Let’s assume, for a moment, that the Treasury Department actually can choose which bills to pay and which to ignore. That assumption is legally, technically and politically questionable, as Brad Plumer explained. Note that the one time we actually did default on our debt, it was the momentary result of a computer glitch, and the markets freaked out. The idea that we’ll simply rewire all our payment software over the next month so we can pick and choose which payments to make and we won’t see even the slightest problem requires a faith in government IT departments that I find surprising coming from the Republican Party. But ignore all that. Would the markets really be so calm in the face of the United States government doing something it has never done before and purposefully breaching the debt ceiling? The investors I asked pretty much laughed in my face.
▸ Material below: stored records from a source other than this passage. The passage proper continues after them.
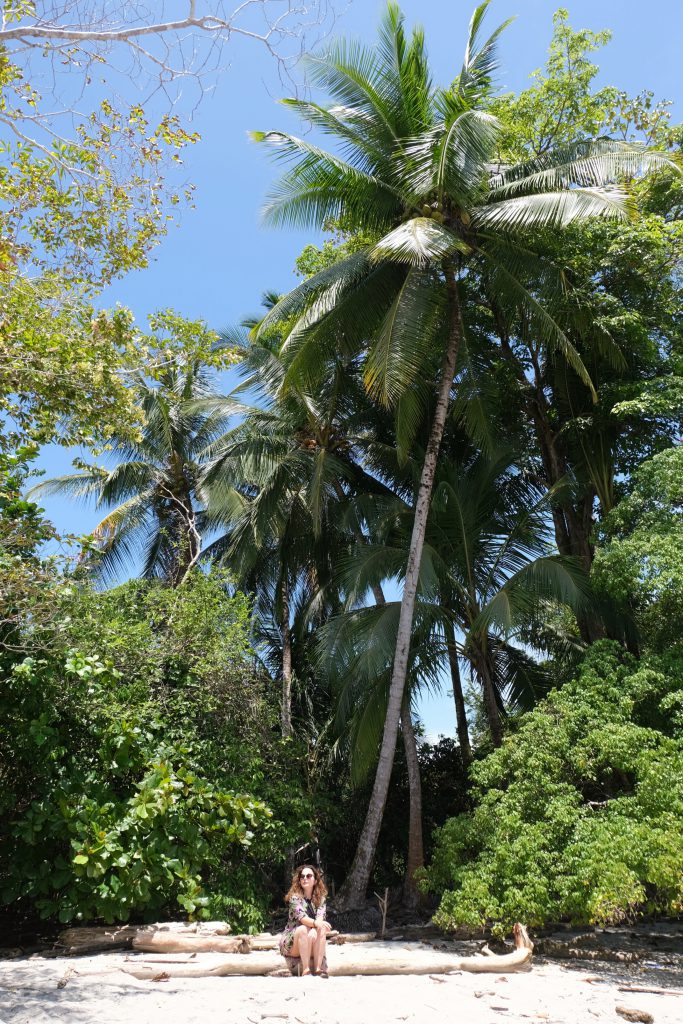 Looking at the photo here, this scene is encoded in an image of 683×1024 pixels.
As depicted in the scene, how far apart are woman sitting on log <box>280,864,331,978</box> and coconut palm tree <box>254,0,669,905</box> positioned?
483cm

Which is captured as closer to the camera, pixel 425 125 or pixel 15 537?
pixel 15 537

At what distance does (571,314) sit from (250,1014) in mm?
11822

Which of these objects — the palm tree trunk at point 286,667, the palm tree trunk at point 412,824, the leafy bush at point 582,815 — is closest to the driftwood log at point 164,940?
the leafy bush at point 582,815

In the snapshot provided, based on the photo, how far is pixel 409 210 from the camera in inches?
514

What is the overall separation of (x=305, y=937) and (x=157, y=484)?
13.6 metres

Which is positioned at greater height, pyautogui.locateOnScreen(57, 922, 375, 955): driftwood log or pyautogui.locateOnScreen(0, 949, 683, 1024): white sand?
pyautogui.locateOnScreen(57, 922, 375, 955): driftwood log

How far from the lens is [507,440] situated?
15.5m

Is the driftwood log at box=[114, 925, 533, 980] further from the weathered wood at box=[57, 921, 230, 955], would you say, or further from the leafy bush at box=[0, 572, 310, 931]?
the leafy bush at box=[0, 572, 310, 931]

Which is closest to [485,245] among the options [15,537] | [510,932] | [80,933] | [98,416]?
[98,416]

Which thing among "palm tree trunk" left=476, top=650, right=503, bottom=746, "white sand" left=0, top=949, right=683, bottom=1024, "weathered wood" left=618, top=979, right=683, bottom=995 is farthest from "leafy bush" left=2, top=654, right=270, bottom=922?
"palm tree trunk" left=476, top=650, right=503, bottom=746

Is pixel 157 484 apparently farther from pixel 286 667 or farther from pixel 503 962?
pixel 503 962

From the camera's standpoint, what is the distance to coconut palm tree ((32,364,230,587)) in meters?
18.9

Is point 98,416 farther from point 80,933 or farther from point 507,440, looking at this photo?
point 507,440

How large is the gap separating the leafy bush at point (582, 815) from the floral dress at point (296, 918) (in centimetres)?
288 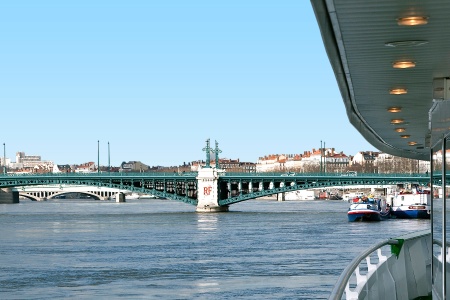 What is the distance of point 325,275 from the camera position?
2897 centimetres

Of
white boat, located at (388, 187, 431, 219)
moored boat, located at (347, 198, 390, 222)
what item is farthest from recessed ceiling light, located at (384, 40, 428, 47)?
white boat, located at (388, 187, 431, 219)

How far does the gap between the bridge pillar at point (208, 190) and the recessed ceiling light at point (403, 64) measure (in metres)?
74.8

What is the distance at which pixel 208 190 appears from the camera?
8156 cm

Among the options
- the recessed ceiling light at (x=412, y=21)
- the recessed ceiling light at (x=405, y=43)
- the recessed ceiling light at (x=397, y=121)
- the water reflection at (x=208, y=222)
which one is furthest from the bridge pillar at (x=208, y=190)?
the recessed ceiling light at (x=412, y=21)

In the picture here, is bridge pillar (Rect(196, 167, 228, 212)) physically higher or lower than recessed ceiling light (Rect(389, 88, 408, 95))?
lower

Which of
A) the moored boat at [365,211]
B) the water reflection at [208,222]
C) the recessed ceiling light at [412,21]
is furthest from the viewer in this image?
the moored boat at [365,211]

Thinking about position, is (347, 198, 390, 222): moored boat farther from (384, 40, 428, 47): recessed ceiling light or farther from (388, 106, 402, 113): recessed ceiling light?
(384, 40, 428, 47): recessed ceiling light

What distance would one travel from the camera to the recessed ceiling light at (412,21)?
4996 millimetres

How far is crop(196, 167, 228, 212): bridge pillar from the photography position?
8117cm

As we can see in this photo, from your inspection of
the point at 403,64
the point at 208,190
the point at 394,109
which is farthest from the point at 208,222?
the point at 403,64

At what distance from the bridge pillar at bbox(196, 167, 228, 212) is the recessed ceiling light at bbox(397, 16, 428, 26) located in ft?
249

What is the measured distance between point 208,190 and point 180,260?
45630 mm

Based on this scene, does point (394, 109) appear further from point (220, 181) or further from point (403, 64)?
point (220, 181)

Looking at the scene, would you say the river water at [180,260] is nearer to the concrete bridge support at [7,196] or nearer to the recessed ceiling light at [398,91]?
the recessed ceiling light at [398,91] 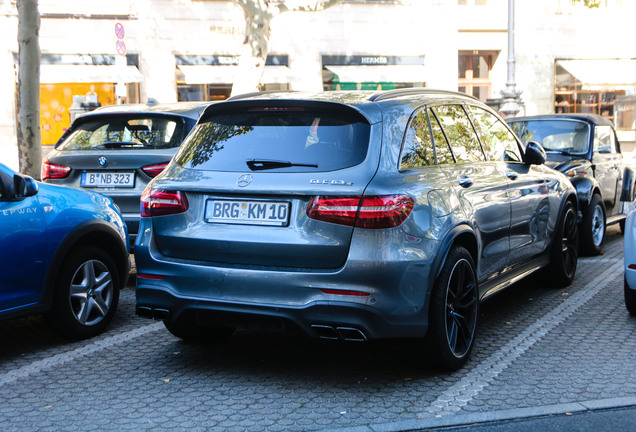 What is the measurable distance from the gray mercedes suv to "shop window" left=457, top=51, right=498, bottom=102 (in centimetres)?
2536

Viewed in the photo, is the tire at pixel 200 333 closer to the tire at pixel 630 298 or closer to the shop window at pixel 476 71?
the tire at pixel 630 298

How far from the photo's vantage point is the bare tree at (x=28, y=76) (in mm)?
12664

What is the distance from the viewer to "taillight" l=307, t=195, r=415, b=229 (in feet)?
14.7

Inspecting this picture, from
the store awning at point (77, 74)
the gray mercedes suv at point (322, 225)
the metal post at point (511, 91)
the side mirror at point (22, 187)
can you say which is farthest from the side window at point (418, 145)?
the store awning at point (77, 74)

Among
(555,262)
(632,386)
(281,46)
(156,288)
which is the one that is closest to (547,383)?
(632,386)

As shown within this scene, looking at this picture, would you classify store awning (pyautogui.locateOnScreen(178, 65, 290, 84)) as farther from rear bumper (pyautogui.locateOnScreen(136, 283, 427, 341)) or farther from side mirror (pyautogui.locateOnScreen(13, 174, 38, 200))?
rear bumper (pyautogui.locateOnScreen(136, 283, 427, 341))

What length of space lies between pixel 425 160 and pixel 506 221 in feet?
3.95

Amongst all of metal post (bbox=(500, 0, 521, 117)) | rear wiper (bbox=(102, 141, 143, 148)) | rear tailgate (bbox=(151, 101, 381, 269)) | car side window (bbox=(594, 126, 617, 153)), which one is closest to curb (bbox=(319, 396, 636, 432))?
rear tailgate (bbox=(151, 101, 381, 269))

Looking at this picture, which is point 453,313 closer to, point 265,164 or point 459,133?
point 459,133

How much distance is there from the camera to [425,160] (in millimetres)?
5117

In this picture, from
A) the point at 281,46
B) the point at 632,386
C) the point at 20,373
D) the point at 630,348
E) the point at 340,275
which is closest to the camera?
the point at 340,275

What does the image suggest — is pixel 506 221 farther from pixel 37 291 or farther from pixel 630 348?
pixel 37 291

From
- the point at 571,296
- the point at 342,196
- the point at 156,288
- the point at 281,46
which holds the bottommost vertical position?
the point at 571,296

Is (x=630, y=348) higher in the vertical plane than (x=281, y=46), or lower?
lower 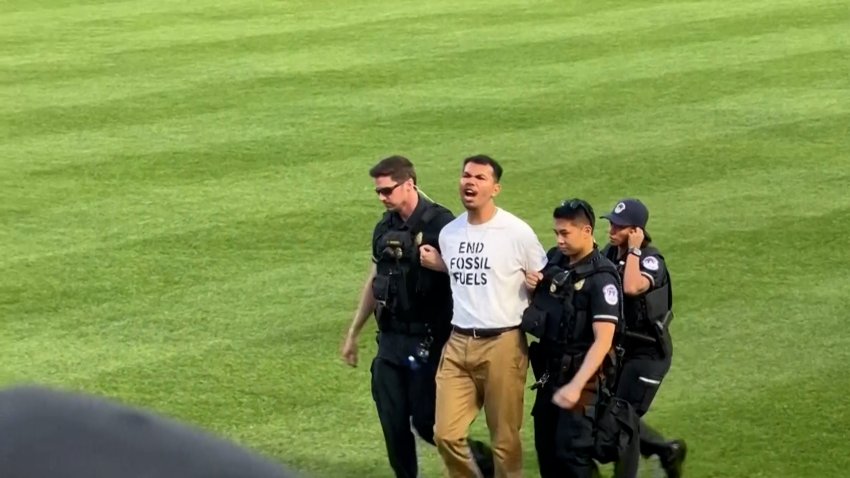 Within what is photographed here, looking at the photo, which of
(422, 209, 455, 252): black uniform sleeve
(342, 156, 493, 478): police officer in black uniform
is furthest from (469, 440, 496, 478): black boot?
(422, 209, 455, 252): black uniform sleeve

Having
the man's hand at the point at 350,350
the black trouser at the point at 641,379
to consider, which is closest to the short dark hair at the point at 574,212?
the black trouser at the point at 641,379

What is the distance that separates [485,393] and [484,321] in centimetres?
42

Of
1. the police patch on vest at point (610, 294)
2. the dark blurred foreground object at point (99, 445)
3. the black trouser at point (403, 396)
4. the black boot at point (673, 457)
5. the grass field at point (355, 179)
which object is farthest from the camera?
the grass field at point (355, 179)

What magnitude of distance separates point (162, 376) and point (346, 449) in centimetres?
175

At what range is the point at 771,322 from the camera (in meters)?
10.5

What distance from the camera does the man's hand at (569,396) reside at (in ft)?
21.9

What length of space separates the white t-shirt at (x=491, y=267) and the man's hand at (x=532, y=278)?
23 millimetres

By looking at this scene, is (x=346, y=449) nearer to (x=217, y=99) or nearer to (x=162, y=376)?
(x=162, y=376)

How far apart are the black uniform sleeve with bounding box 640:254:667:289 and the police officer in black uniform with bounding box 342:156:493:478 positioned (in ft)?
3.26

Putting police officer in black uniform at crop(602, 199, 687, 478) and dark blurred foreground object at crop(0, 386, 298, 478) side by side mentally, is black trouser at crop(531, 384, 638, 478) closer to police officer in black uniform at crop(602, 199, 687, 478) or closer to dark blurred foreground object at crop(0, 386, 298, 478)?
police officer in black uniform at crop(602, 199, 687, 478)

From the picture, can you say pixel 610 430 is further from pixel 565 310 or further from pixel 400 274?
pixel 400 274

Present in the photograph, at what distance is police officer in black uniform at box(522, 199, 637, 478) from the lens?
6.80 m

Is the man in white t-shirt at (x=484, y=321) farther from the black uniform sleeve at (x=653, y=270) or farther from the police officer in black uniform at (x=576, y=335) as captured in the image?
the black uniform sleeve at (x=653, y=270)

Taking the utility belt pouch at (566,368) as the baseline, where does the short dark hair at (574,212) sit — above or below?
above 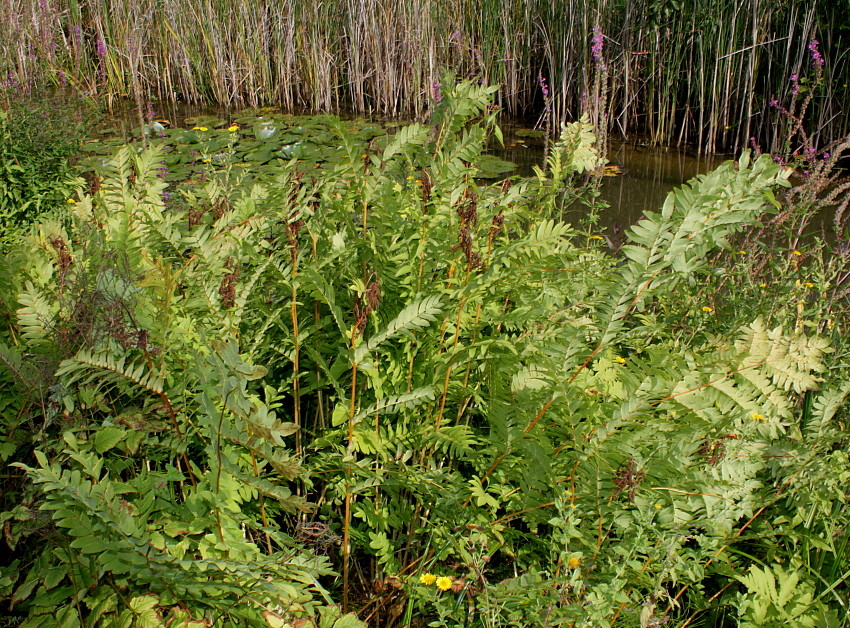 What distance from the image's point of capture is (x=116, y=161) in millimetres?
2016

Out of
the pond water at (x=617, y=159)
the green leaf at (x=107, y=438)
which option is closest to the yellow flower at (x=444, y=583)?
the green leaf at (x=107, y=438)

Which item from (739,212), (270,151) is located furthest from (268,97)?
(739,212)

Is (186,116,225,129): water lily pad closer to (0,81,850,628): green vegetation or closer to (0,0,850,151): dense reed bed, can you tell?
(0,0,850,151): dense reed bed

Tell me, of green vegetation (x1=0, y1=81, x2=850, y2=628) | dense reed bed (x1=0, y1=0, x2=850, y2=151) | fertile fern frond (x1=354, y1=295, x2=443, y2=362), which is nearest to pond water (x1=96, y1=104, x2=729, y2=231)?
dense reed bed (x1=0, y1=0, x2=850, y2=151)

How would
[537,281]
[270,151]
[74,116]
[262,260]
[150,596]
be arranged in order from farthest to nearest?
[270,151] → [74,116] → [537,281] → [262,260] → [150,596]

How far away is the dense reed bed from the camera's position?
5.77 m

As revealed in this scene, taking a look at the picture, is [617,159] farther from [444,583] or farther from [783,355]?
[444,583]

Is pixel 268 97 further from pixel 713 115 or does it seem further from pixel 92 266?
pixel 92 266

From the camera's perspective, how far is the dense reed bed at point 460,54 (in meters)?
5.77

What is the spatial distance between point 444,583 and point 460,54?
6179 mm

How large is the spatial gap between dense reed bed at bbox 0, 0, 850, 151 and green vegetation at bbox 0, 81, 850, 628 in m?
3.65

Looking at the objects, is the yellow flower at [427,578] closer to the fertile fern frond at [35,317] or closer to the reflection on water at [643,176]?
the fertile fern frond at [35,317]

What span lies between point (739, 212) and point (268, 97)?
289 inches

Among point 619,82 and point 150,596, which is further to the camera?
point 619,82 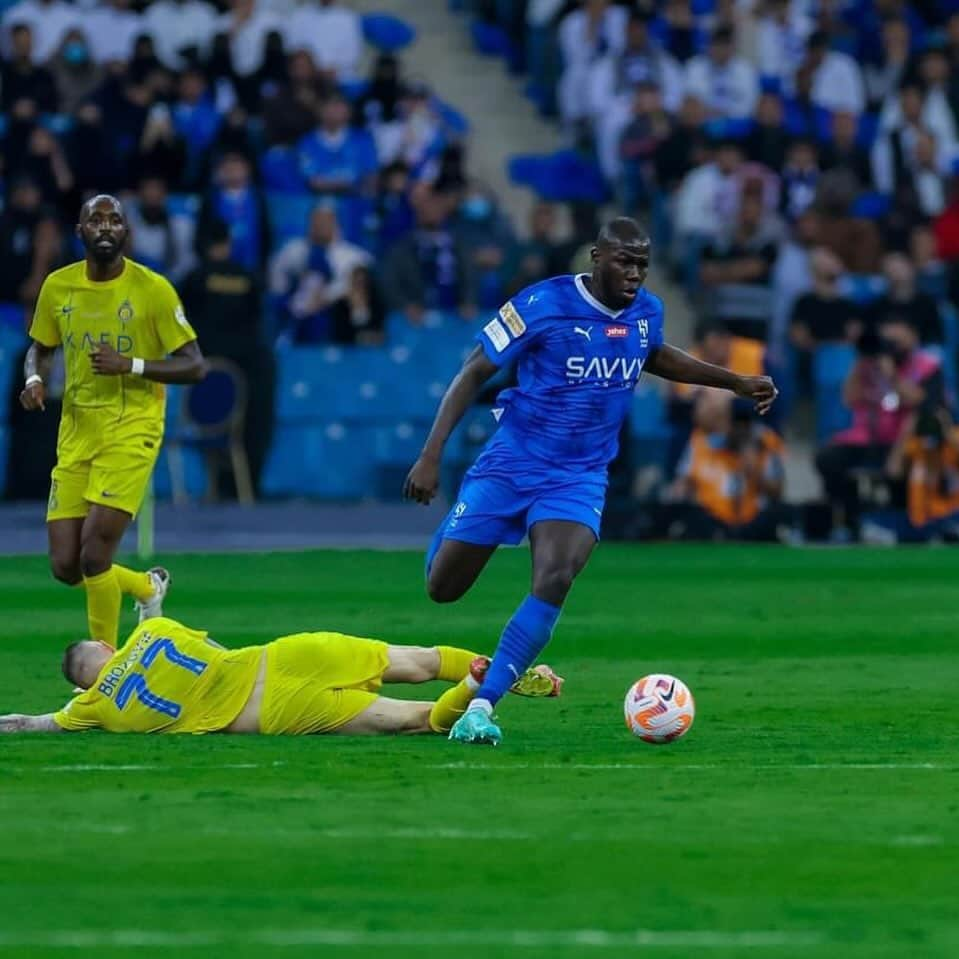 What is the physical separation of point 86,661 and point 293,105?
16780mm

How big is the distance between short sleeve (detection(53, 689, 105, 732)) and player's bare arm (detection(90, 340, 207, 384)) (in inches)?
108

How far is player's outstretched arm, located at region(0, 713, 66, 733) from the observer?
11188 mm

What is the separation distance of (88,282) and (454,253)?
42.0 feet

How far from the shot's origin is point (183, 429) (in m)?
25.5

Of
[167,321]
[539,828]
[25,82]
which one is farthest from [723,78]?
[539,828]

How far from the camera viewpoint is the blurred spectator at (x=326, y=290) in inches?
1025

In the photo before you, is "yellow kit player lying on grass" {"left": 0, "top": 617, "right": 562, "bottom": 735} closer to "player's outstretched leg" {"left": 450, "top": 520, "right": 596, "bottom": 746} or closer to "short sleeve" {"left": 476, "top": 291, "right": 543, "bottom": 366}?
"player's outstretched leg" {"left": 450, "top": 520, "right": 596, "bottom": 746}

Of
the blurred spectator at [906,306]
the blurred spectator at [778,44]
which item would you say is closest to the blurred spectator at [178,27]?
the blurred spectator at [778,44]

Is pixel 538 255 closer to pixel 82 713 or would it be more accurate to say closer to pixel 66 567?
pixel 66 567

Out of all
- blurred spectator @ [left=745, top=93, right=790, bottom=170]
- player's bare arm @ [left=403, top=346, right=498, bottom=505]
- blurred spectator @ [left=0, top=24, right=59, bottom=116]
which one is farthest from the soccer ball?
blurred spectator @ [left=745, top=93, right=790, bottom=170]

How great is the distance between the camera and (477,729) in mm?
10875

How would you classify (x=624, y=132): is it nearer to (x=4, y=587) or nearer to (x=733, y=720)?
(x=4, y=587)

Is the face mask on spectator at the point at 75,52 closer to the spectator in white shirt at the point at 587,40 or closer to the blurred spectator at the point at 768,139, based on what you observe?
the spectator in white shirt at the point at 587,40

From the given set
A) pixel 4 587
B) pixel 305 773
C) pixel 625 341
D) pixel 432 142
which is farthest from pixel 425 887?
pixel 432 142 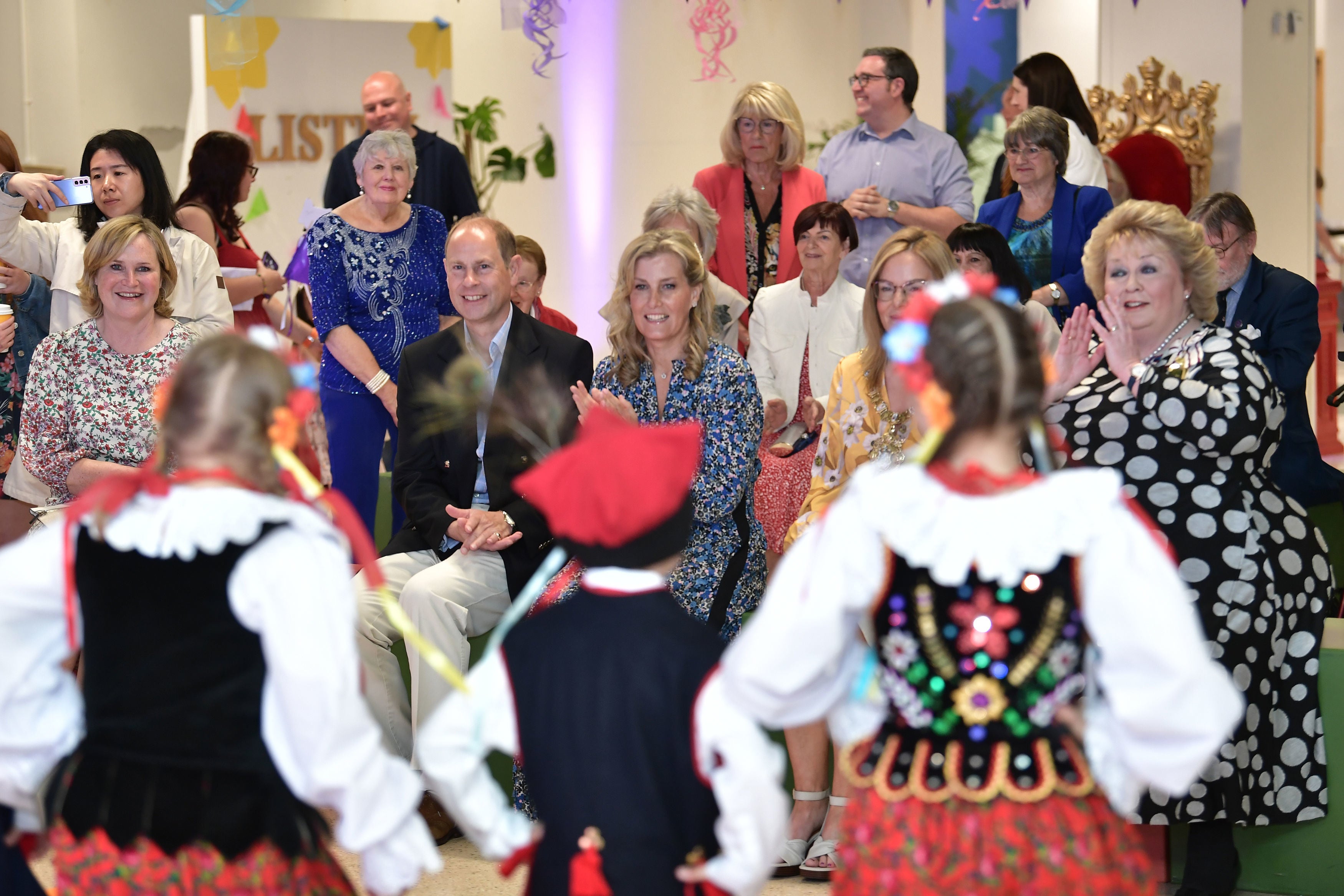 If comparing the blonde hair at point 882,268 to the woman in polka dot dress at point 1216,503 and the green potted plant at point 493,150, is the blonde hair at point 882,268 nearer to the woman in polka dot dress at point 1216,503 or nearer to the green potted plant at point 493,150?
the woman in polka dot dress at point 1216,503

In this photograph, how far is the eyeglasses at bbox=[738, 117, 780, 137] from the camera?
4.87 meters

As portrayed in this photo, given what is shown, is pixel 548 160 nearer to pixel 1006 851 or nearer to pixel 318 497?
pixel 318 497

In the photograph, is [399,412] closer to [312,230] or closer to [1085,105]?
[312,230]

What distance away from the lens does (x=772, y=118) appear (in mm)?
4855

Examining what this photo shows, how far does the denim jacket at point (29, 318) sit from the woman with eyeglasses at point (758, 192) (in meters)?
2.20

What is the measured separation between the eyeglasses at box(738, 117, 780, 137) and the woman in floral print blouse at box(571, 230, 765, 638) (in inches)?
53.6

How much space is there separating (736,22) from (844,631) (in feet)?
19.2

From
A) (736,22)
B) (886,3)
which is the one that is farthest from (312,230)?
(886,3)

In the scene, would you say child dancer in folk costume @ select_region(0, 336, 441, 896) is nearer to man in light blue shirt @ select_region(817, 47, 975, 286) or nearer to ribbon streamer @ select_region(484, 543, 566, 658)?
ribbon streamer @ select_region(484, 543, 566, 658)

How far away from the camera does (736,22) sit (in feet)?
23.6

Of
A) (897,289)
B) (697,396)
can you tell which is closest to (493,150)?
(697,396)

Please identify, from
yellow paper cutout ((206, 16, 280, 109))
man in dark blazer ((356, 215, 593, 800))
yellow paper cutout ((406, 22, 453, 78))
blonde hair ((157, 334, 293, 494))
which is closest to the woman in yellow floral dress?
man in dark blazer ((356, 215, 593, 800))

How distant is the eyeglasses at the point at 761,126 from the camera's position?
16.0 ft

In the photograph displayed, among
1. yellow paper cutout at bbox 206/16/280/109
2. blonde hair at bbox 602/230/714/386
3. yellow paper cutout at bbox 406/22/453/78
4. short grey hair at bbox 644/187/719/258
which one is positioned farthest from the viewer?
yellow paper cutout at bbox 406/22/453/78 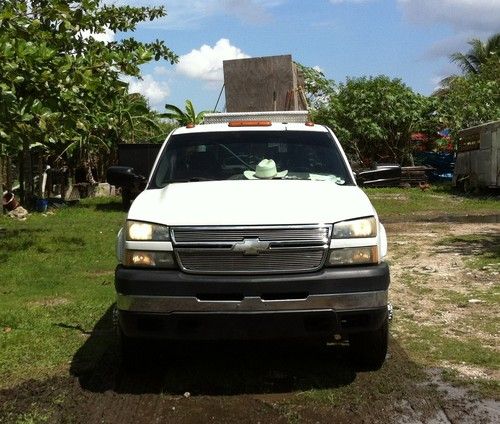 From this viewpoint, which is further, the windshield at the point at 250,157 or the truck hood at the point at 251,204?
the windshield at the point at 250,157

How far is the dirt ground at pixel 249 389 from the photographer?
4.18 meters

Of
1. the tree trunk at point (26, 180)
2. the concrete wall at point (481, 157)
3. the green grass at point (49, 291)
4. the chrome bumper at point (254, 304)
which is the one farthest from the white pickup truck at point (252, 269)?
the tree trunk at point (26, 180)

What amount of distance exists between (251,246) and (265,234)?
118 mm

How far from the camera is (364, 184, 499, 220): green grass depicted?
17297mm

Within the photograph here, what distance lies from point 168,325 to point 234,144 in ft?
6.67

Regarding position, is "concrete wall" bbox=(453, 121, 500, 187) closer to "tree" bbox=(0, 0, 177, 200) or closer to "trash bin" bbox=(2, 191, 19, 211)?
"tree" bbox=(0, 0, 177, 200)

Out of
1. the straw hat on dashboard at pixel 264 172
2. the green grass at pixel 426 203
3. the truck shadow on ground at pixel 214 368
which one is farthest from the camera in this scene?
the green grass at pixel 426 203

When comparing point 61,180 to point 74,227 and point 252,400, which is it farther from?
point 252,400

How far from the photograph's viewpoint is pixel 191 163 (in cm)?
577

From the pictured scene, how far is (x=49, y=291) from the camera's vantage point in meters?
8.18

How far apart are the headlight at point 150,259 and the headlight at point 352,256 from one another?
1.02 metres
Ever since the United States officially hit its $16.5 trillion borrowing limit on Dec. 31, the Treasury Department has been taking a slew of “extraordinary measures”—such as tapping its exchange-rate funds—to make sure the government has the money to meet all of its obligations. But, according to a recent report from the Bipartisan Policy Center, these measures will only last until Feb. 15 or so. After that point, the risk of missing a payment becomes real.
Last week, Senate Democrats sent the president a letter urging him to “to take any lawful steps to ensure that America does not break its promises and trigger a global crisis — without congressional approval, if necessary.” Yet the White House has insisted that it has neither the authority nor the ability to do so. It has ruled out options like minting platinum coins or invoking the 14th amendment to circumvent the debt ceiling.
“There are only two options to deal with the debt limit,” said White House press secretary Jay Carney on Saturday. “Congress can pay its bills, or they can fail to act and put the nation into default.”